| Exercise aim |
Produce a verbatim copy of the data below that contains no pictures.

| Provided material |
[Start of section]
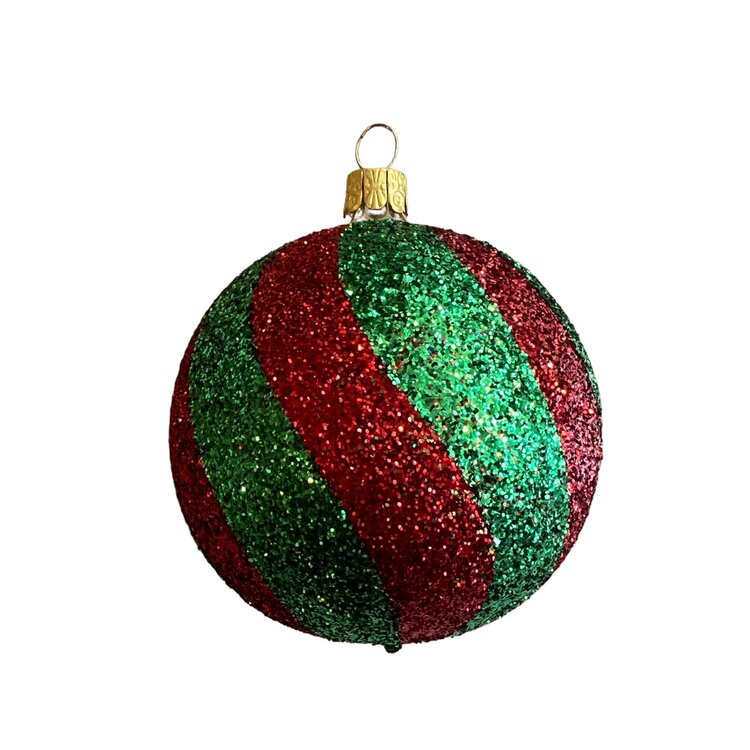 Kerstbal Swirl Groen -Rood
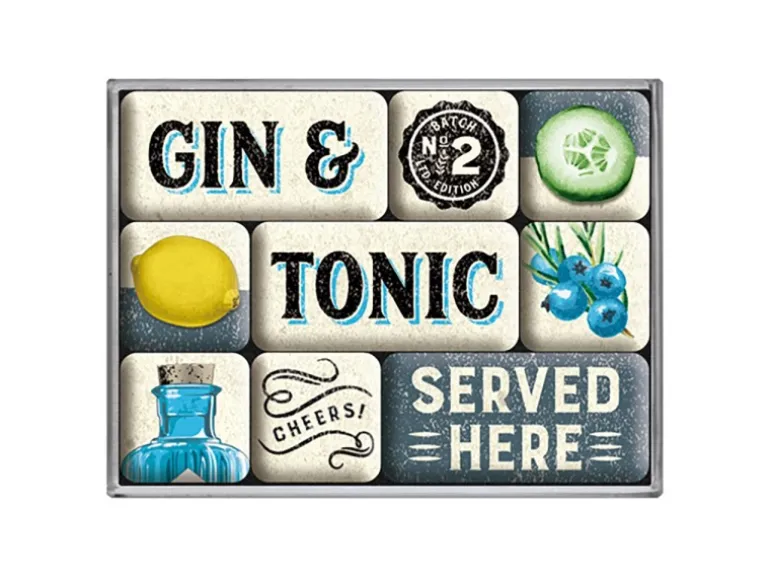 Nostalgic-Art Magnet-Set Gin & Tonic Served Here 9 Stück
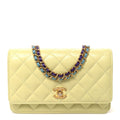Caviar Quilted CC Turn Lock Wallet On Chain WOC Light Yellow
[End of section]
| Result for this task |
 Kerstbal Swirl Groen -Rood
 Nostalgic-Art Magnet-Set Gin & Tonic Served Here 9 Stück
Caviar Quilted CC Turn Lock Wallet On Chain WOC Light Yellow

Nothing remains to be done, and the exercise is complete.